Reports indicate steady to moderate increases in oil and natural gas output during the past six weeks, with output expected to remain at current levels in the near term. A big push is on to lease large tracts of farmland in eastern Ohio counties for the Marcellus Shale play. Farmers are being offered well-above average market rates for drilling rights. Spot prices for oil and natural gas are flat or down slightly. Coal production has been stable since our last report, with little change expected. Although summer cooling demand grew significantly from year-ago levels, resulting in stockpiles being drawn-down to normal levels, utilities have not increased their coal purchases. Metallurgical coal shipments to Brazil and Asia were characterized as very strong. Prices for coal were mixed but are tending to the up side. Credit availability is affecting capital spending: A coal producer canceled a machinery purchase because he could not obtain financing, while an energy company is expanding drilling operations due to a successful refinancing.
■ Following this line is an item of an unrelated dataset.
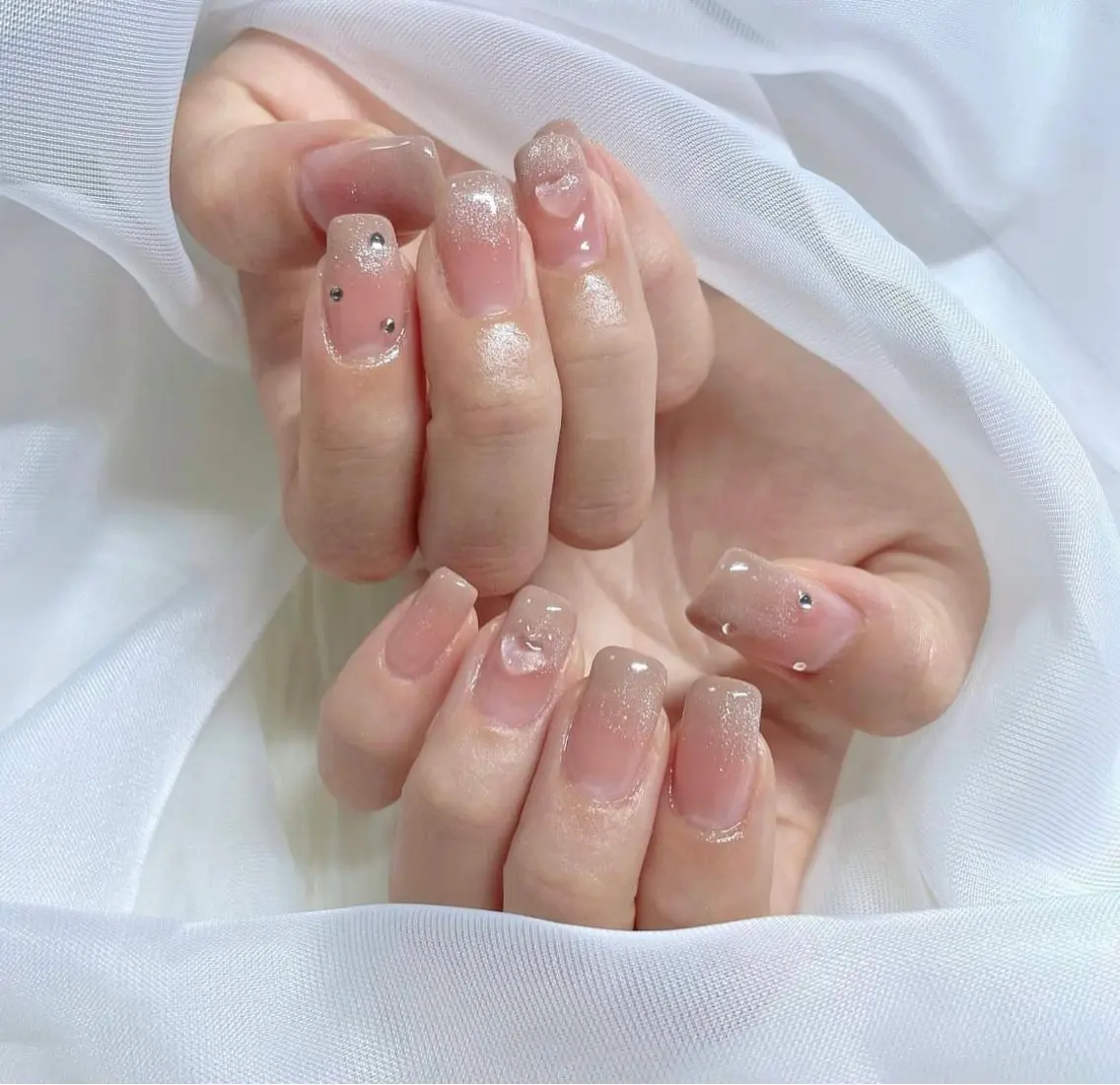 ネイル ハンドネイル Sii nail 🤍SAKIのネイルデザイン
Staffing levels are steady, and little hiring is expected in the near future.
Freight transport executives reported continuing favorable volume trends, though the rate of growth seen in the past few months is slowing. Expectations call for current volume to be sustained in the near term. Two executives noted that they have been able to successfully negotiate rate increases, resulting in some improvement to their bottom lines. Several of our contacts reported that quoted prices for tractors and trailers have risen substantially, due mainly to complying with new environmental standards. However, these price increases may push back time tables for purchasing replacement equipment until sometime in 2011. Otherwise, only modest price increases were noted for materials and services used by freight haulers. Current hiring is for replacement only, not adding capacity.